Harris recently discussed his career and motivations with UMKC:
You grew up in Kansas City’s Ivanhoe neighborhood. How would you describe the area’s main challenges during that time?
I learned at a very early age that growing up in the Ivanhoe neighborhood was going to be a challenge. I spent a great deal of time walking and playing in the area with friends – often in the streets because there were no sidewalks. I often saw abandoned, blighted houses and unkempt land. Once the sun set, the neighborhood became a very scary place.
How did you keep yourself moving forward in the face of those challenges?
I became competitive and focused on any and all sports. I love pushing myself and striving to be better, so the competition kept me moving forward, focused and out of trouble. Ask my friends, I am even competitive at a simple board game.
How would you describe the area now?
The area continues to improve annually. Residents can now walk through their neighborhood. Abandoned housing continues to be either torn down or renovated, so beautification is moving forward.
What drives your passion to see Ivanhoe neighborhood thrive?
I love the neighborhood. There are a lot of good friends and families there. Many of my childhood friends who became successful, left and moved to the suburbs. I feel strongly that we can’t abandon the neighborhood.

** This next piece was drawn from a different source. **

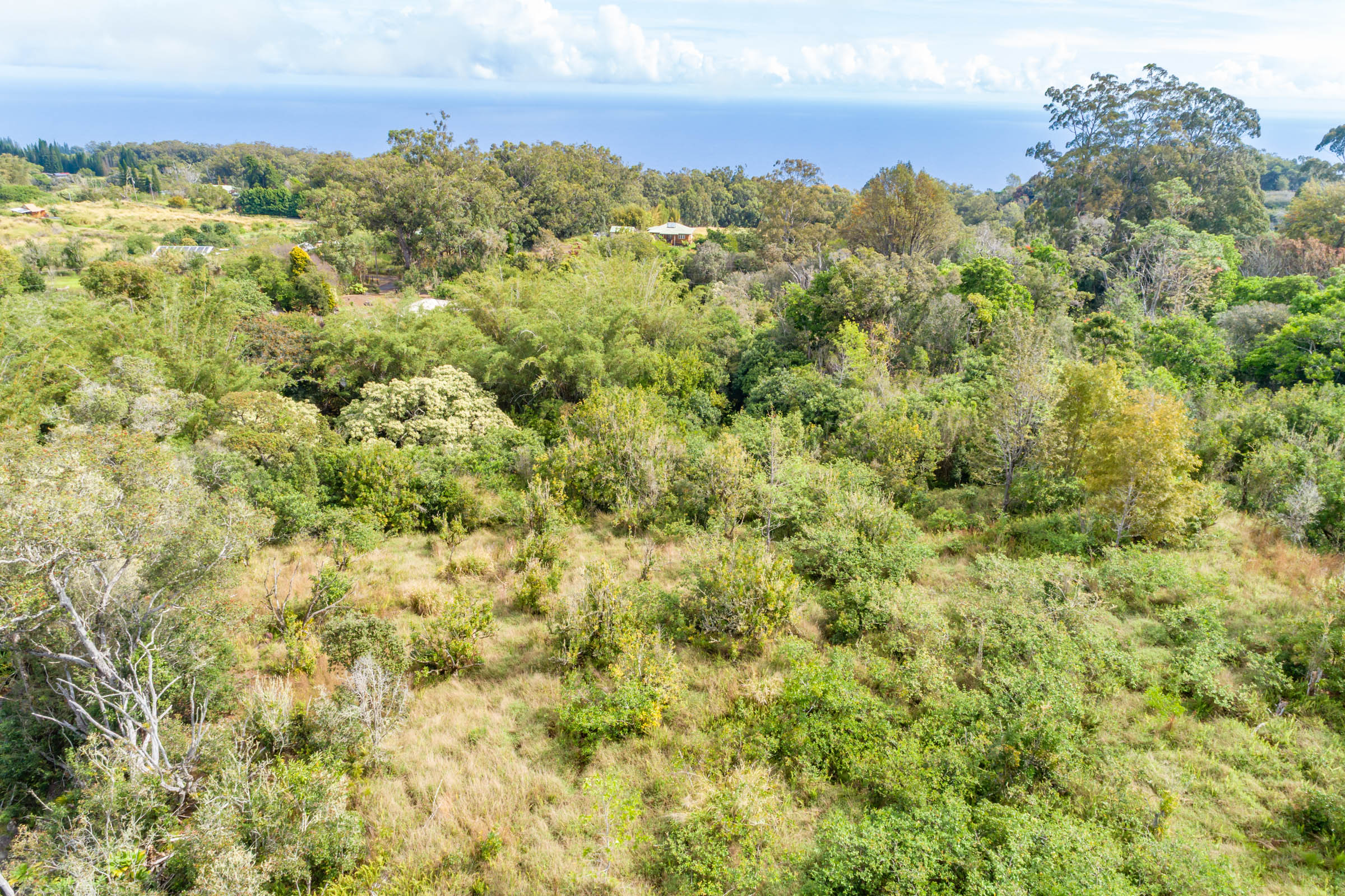 44-3275 Hoo Kahua Rd Property Photo 5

Someone must stay and continue to drive for beautification and successful resources for our youth.
You raised $2.5 million to develop the park, how did you get people on board with your vision?
It was literally word of mouth marketing and a strong passion and determination. I never gave up. I started by getting out there and cutting down trees with a $60 saw that I purchased at Home Depot. I walked the walk and talked the talk, and I think people saw that in me and that’s why they were willing to get on board.